裴思恒也好不到哪里去,当他看见陆晚音的诗句时,竟有一种眼前一亮的感觉,这字里行间看似平淡如水,却暗藏玄机,细细一读别有深意。
而反观陆惜宁的诗句,就显得太小家子气了,无非是一些男女之间的情爱。
裴思恒还想多看几眼,就已经被侍卫拿走了,他就跟被鱼钩勾住嘴了一样,翘首顺着诗稿的方向望。
陆从文也在看过两个妹妹所作的诗句后,暗暗沉沉叹了口气——
心知无论自己如何偏爱,如何抬举,假妹妹都不是真妹妹的对手。
再回想起这些年对真妹妹的忽略,轻视,以及冷落,陆从文为数不多的良心,已经开始隐隐作痛了。
他的亲妹妹。
忽略冷落了十多年的真妹妹,只怕再也不会搭理他了罢。
“县主果真才貌双全,文采过人啊。”一名官员夸赞道,“想来也是裴侍郎的功劳。”
此话一出,陆惜宁的脸色瞬间惨白到了极致,轻咬下唇,泫然欲泣地远远望向裴思恒。
而裴思恒一脸怔愣,他可不曾手把手教过陆晚音这些,生怕被摄政王误解——摄政王不允许自己的私有禁脔,被其他男人,也包括禁脔的夫君本人接近。
忙拱手对着摄政王恭敬一拜:“王爷,下官不曾指教过贱内!”
贱内是对自家夫人的谦称,可摄政王却很厌恶这个“贱”字!
贱不论同哪个字眼组合在一起,都不是什么好意。
他的晚音足以配得上世间所有美好的字眼!
摄政王的脸色瞬间就难看起来,用一种看狗一样的眼神,冷冷瞥向了裴思恒。
裴思恒连大气都不敢喘,忙垂首作恭顺状。
“既然上回的投票,让在场的一些人心存疑虑,那不如趁着今日,再投一次。”丞相千金提议,稍微一顿,她又道,“至于彩头嘛——”
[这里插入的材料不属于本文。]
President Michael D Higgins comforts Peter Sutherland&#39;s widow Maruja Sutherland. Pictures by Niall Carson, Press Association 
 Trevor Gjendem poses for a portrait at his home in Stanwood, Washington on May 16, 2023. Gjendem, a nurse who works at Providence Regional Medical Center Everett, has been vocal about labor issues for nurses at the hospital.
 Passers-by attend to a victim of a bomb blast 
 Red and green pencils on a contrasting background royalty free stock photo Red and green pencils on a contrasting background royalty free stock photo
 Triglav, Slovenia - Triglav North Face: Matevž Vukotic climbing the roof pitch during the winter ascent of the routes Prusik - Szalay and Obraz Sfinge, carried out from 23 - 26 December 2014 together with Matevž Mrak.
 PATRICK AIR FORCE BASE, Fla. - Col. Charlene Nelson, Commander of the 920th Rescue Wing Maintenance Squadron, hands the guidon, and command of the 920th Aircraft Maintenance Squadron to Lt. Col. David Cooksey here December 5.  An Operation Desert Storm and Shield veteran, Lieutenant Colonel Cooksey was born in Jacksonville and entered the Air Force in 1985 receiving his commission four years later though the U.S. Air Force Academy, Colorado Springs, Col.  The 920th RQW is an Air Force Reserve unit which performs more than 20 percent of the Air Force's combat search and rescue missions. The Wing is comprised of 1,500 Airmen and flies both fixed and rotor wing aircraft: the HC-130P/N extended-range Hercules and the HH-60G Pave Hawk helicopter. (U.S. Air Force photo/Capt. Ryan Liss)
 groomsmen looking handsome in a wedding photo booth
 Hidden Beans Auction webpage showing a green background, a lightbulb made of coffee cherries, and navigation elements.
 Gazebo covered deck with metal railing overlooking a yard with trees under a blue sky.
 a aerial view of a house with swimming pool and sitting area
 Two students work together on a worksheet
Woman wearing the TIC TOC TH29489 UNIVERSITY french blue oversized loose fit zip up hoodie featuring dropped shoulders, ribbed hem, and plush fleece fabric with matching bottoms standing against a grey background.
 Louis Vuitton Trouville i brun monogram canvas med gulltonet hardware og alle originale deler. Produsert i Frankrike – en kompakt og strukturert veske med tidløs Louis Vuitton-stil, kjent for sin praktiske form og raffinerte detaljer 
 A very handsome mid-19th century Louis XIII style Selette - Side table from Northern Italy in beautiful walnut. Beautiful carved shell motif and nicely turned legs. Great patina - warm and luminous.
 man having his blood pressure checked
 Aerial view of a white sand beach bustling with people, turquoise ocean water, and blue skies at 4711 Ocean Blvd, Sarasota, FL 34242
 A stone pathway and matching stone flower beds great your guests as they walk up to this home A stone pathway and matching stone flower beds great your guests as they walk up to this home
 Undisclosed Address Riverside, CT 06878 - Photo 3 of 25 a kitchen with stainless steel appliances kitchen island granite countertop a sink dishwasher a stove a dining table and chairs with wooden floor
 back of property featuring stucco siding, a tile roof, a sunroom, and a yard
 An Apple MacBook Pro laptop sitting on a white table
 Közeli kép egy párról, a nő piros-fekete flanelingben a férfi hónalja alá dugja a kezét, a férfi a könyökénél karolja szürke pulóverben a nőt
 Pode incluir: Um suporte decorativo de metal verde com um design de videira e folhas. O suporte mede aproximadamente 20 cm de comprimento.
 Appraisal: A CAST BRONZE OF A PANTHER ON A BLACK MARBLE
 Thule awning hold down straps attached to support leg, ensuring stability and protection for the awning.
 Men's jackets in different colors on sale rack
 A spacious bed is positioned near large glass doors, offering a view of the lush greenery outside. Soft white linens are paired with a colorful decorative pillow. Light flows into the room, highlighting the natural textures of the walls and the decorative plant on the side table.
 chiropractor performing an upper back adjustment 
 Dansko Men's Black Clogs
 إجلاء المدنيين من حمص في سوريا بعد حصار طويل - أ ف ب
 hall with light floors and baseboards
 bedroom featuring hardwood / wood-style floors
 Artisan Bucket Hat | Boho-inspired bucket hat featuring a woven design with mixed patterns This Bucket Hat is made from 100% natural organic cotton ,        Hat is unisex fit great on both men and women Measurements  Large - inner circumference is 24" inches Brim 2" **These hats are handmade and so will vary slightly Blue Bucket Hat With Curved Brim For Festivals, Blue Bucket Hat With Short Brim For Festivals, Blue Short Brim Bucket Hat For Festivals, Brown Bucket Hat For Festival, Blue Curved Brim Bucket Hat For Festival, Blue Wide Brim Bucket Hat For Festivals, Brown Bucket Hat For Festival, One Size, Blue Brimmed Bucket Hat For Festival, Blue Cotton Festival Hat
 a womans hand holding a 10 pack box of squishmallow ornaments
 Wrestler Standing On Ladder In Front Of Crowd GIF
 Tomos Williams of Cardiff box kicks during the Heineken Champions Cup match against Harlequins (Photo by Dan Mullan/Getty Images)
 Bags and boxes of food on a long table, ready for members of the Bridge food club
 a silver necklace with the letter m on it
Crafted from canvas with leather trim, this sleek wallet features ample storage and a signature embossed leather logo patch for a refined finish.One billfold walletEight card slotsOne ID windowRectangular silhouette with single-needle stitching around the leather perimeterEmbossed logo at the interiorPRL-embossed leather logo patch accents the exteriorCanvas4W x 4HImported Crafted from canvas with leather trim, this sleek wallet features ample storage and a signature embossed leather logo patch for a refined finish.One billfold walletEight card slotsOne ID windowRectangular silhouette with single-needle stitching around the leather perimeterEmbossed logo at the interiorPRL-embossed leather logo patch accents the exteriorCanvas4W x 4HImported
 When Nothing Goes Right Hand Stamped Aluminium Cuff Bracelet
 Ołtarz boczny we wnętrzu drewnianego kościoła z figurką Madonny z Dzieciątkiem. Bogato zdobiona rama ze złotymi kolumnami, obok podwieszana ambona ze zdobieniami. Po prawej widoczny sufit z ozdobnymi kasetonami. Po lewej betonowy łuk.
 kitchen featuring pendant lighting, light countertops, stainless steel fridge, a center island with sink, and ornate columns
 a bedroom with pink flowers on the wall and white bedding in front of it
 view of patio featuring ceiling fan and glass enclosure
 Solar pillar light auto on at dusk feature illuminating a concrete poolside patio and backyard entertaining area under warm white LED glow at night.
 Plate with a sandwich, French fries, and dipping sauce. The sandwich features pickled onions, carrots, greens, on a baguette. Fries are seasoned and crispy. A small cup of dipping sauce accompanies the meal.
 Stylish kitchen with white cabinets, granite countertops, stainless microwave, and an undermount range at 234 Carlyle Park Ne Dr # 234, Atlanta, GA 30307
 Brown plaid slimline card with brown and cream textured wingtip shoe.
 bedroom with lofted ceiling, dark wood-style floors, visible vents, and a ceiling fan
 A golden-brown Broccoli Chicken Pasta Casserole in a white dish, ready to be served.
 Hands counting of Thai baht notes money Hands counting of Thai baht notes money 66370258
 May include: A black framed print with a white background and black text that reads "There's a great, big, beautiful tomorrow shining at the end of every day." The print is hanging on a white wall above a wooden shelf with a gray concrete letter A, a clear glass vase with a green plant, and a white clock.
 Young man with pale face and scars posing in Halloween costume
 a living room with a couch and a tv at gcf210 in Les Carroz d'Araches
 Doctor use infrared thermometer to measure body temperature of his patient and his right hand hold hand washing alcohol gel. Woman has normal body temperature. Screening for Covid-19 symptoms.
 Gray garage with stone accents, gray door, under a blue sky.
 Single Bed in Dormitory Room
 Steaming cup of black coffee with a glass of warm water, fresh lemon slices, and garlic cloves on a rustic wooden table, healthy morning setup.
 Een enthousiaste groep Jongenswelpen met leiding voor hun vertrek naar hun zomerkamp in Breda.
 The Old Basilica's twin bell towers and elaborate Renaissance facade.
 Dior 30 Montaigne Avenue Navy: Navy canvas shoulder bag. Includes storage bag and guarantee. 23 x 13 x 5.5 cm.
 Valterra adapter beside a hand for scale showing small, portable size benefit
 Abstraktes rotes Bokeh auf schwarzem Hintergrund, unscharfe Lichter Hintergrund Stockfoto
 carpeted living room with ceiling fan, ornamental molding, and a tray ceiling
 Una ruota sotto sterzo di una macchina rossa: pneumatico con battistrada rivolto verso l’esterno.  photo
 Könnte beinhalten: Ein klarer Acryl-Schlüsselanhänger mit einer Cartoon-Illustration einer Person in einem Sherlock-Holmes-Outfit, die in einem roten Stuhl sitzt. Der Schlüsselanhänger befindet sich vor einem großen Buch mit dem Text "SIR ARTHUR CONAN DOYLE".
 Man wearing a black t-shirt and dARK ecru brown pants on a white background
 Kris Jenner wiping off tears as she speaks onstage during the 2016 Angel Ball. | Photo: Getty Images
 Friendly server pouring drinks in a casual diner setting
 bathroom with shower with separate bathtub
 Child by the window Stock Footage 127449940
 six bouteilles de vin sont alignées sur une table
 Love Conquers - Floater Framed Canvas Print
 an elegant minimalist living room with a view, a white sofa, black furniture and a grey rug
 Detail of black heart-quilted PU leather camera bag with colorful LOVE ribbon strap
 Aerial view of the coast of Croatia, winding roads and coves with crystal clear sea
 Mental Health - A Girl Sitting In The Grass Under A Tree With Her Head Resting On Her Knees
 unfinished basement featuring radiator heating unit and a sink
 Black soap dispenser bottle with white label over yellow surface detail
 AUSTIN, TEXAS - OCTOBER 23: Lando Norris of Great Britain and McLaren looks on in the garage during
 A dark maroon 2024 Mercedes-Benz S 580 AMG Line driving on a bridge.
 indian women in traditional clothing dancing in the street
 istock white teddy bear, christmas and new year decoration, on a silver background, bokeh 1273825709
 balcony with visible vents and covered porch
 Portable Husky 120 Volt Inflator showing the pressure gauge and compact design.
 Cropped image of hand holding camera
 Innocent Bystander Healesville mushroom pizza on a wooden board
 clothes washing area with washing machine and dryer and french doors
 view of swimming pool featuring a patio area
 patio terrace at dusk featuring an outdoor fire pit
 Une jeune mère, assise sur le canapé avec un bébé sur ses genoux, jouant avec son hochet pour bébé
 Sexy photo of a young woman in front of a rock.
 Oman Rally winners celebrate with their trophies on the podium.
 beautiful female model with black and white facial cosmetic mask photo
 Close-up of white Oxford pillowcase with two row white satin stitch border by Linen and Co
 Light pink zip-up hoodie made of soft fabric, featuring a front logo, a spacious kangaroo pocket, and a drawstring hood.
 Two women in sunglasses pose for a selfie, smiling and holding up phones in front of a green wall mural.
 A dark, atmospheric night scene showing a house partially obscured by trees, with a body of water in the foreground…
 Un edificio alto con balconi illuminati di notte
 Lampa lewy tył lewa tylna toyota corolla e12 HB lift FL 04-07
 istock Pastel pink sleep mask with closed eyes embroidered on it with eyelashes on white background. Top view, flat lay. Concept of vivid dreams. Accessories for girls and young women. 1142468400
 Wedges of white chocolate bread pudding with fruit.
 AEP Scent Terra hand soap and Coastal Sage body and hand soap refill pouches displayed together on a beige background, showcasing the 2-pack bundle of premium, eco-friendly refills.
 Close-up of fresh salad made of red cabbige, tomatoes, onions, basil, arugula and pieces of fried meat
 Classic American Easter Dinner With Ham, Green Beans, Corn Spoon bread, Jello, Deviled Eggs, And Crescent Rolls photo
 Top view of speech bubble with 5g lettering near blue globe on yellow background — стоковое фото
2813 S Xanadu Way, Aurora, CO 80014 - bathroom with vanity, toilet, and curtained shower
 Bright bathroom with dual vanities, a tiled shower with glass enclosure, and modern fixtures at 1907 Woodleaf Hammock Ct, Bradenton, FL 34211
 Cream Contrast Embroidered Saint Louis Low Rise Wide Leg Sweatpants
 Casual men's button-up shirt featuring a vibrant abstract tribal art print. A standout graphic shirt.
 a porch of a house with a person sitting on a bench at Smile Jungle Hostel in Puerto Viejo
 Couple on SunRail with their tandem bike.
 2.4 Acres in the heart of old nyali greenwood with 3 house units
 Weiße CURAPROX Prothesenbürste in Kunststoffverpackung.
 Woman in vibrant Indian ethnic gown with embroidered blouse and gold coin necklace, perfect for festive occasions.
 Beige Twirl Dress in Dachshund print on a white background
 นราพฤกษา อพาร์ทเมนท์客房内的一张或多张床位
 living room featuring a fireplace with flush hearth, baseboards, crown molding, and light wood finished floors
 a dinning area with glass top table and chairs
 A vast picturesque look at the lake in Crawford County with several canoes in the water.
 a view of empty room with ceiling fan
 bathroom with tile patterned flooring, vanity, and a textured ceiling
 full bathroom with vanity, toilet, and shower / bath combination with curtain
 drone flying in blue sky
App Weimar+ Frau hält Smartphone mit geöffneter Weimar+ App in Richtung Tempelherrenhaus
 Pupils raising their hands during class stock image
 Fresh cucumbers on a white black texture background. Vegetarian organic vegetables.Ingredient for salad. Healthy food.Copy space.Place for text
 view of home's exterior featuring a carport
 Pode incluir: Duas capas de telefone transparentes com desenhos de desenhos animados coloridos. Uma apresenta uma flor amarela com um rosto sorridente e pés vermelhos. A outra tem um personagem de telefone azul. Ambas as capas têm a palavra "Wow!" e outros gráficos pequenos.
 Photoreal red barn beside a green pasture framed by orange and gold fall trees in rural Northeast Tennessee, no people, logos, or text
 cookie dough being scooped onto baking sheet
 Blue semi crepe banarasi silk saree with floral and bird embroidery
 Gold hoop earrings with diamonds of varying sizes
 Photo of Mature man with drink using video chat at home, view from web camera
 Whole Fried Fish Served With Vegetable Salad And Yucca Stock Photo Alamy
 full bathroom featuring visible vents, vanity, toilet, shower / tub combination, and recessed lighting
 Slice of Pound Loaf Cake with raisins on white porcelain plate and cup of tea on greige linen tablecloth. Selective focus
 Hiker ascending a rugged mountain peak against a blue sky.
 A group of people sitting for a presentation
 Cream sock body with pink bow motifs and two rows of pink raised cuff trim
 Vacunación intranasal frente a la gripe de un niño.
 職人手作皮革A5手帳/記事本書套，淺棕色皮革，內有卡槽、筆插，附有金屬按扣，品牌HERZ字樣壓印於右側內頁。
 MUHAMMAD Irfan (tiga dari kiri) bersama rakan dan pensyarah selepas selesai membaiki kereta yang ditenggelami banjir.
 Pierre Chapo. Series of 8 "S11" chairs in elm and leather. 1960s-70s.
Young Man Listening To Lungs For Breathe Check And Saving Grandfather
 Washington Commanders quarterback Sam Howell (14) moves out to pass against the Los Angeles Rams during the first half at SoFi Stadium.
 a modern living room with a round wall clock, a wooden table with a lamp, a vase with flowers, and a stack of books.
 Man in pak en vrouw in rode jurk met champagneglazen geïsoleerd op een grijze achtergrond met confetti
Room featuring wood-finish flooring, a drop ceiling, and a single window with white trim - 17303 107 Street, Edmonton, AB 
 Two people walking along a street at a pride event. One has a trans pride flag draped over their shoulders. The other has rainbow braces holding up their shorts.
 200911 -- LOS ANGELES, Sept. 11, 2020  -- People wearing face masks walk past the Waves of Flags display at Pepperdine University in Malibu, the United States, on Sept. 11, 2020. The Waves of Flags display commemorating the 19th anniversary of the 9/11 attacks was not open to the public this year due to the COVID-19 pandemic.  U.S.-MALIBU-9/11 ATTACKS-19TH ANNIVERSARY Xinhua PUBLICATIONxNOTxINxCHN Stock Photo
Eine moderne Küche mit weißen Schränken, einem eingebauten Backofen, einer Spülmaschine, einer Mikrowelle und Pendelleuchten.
摄政王接口道:“本王在此,便由本王来提供这个彩头好了。”
邪恶清俊的面容上很快就泛起了一丝莫测高深的笑容来,“这彩头便是,赢了,不奖不罚,输了……本王瞧着京郊有一尼姑庵的后山风景倒是清净独特呢。”
言下之意,就是要将输家丢到尼姑庵的后山自生自灭!
裴思恒和陆从文瞬间就双双紧张起来,下意识都望向了陆惜宁。
只见陆惜宁站在原地,身形摇摇晃晃,娇弱得像是风吹就倒,看起来可怜得紧,还泫然欲泣地望向在场唯二在意她的两个男人。
蠕动着苍白的嘴唇,无声道:“救,救我……”
可是根本就没人救得了她。
在场多是一些见风使舵,阿谀奉承之辈。
自然瞧得出摄政王在偏帮谁。
就算没有摄政王,陆晚音是皇上亲封的陵阳县主,也是裴侍郎的正房夫人,而陆惜宁是什么?
不过就是沛国公府区区一个奴婢!
俗话说得好,落毛凤凰不如鸡!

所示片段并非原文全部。